◆ Required action ◆
I'd like the full listing transcribed exactly, with no images included.

◆ Data below ◆
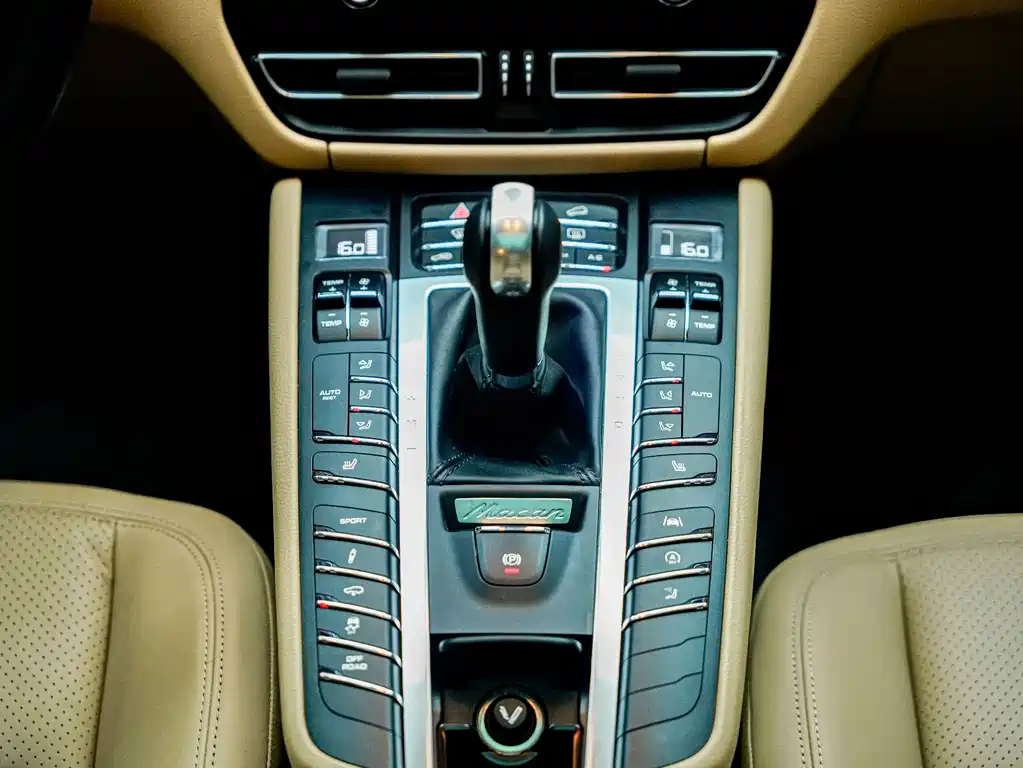 Porsche Macan 2021 — фото 7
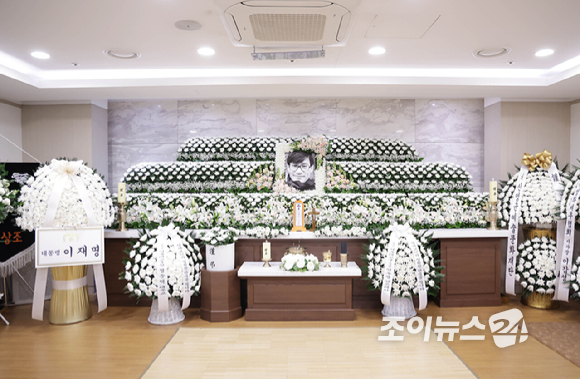 5일 별세한 '국민 배우' 고(故) 안성기의 빈소가 서울성모병원 장례식장에 마련됐다. 향년 74세. 이재명 대통령의 근조화환의 모습. [사진=사진공동취재단]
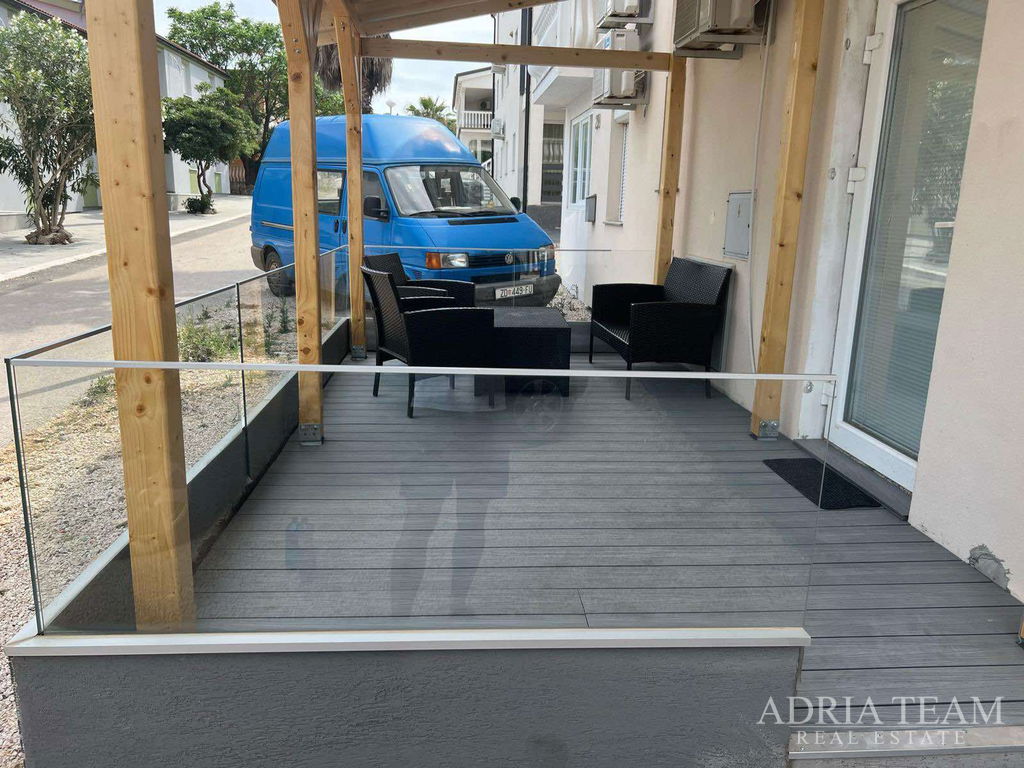 JEDNOIZBOVÝ APARTMÁN, 100 m OD MORA, VIR – ZADAR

◆ Exercise answer ◆
 Porsche Macan 2021 — фото 7
 5일 별세한 '국민 배우' 고(故) 안성기의 빈소가 서울성모병원 장례식장에 마련됐다. 향년 74세. 이재명 대통령의 근조화환의 모습. [사진=사진공동취재단]
 JEDNOIZBOVÝ APARTMÁN, 100 m OD MORA, VIR – ZADAR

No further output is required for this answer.